| Records for the exercise |

*** Begin section ***

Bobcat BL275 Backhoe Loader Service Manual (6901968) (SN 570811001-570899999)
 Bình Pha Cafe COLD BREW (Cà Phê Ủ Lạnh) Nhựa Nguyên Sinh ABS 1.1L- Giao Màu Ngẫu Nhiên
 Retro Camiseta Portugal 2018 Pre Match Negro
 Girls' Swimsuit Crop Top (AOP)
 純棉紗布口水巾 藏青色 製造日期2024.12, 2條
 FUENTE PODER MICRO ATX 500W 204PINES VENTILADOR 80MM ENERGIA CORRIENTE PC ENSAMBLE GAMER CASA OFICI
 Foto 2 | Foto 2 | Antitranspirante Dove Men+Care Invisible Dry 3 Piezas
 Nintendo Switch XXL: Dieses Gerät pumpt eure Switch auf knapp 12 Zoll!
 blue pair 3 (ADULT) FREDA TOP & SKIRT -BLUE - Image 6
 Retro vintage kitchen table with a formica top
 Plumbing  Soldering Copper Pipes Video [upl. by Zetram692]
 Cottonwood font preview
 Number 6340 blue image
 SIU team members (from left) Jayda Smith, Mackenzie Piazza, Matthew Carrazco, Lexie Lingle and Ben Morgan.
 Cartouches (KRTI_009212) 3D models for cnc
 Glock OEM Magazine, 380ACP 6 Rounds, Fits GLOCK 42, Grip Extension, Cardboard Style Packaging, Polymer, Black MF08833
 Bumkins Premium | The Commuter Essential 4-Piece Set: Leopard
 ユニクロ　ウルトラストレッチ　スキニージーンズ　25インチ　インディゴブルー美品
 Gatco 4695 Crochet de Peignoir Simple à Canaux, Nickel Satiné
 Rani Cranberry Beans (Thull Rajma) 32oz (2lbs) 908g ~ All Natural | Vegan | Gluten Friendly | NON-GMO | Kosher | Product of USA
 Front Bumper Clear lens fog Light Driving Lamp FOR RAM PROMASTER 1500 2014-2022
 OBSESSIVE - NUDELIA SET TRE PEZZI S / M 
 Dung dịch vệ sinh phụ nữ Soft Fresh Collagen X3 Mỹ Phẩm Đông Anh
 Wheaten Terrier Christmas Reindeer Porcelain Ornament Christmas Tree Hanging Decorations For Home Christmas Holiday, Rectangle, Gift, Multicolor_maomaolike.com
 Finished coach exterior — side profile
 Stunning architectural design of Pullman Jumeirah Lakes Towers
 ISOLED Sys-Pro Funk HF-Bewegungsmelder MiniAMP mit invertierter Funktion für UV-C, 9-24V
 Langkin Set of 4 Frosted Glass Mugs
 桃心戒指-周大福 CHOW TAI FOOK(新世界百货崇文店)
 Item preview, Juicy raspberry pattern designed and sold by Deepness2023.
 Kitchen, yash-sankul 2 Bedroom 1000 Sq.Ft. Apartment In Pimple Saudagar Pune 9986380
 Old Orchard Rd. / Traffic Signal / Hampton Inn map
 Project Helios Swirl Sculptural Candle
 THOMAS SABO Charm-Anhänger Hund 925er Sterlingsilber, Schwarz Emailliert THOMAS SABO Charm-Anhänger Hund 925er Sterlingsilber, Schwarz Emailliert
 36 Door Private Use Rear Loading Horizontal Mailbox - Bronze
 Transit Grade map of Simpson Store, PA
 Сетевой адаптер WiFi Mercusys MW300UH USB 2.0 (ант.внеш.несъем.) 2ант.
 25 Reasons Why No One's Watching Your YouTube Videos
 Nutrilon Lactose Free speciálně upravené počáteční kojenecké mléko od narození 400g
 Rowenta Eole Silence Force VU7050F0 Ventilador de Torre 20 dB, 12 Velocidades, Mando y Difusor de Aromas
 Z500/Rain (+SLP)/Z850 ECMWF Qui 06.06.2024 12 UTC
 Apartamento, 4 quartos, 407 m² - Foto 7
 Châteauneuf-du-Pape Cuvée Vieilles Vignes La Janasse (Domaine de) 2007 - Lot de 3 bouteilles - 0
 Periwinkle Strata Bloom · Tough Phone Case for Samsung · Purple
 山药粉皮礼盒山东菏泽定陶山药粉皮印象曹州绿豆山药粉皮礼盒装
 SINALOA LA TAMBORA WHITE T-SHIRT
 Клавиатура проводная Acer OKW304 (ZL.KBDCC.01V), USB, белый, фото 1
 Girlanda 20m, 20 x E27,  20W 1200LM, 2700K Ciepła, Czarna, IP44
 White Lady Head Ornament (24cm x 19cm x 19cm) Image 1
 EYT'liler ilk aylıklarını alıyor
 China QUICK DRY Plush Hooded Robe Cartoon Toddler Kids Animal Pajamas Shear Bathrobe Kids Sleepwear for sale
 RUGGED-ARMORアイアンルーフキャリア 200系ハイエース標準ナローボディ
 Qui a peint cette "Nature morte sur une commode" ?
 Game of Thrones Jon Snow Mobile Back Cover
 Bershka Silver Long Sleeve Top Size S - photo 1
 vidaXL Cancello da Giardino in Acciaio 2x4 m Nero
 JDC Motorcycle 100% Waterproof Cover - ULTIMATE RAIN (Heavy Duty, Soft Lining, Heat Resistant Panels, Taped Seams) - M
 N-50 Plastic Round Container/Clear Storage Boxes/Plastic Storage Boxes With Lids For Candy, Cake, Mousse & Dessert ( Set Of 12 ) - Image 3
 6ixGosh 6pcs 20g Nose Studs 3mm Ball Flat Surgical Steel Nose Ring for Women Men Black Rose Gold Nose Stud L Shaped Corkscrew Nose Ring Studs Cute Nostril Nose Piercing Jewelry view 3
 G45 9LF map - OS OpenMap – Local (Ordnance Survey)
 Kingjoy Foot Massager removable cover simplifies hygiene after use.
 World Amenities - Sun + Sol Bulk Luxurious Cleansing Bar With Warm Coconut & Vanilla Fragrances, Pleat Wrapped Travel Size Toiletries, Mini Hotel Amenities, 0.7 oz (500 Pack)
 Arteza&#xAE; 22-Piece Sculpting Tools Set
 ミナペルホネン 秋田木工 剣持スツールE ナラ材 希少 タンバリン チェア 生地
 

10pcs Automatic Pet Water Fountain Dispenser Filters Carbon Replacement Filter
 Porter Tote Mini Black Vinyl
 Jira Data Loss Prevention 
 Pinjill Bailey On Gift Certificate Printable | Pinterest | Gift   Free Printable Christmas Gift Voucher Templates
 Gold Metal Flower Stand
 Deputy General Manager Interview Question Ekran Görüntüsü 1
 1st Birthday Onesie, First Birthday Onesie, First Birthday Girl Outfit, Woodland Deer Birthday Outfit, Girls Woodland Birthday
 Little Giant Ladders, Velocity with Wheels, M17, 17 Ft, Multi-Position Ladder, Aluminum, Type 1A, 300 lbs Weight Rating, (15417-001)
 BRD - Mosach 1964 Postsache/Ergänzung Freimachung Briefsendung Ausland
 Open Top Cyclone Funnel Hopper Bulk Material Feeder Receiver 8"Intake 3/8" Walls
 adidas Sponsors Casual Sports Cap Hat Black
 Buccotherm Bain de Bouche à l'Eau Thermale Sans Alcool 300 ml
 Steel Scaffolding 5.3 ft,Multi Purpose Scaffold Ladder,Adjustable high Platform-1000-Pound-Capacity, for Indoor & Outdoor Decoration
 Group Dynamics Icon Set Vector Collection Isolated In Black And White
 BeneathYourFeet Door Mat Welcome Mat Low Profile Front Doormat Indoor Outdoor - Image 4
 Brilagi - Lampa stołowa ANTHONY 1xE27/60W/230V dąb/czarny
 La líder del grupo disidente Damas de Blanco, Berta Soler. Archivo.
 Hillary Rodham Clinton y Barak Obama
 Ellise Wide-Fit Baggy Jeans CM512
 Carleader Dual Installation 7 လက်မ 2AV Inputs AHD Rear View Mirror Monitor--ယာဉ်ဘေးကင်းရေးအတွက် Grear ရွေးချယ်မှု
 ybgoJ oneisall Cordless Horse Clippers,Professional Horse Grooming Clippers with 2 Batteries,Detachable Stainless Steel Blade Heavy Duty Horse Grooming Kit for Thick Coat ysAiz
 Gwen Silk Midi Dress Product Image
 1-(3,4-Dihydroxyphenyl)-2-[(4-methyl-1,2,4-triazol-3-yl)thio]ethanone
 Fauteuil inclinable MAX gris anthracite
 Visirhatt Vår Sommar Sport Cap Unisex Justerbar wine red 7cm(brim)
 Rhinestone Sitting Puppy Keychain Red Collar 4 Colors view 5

*** End section ***

| Task requirements |
Select all lines with the word "Foto" from the entries above.

| Task output |
 Foto 2 | Foto 2 | Antitranspirante Dove Men+Care Invisible Dry 3 Piezas
 Apartamento, 4 quartos, 407 m² - Foto 7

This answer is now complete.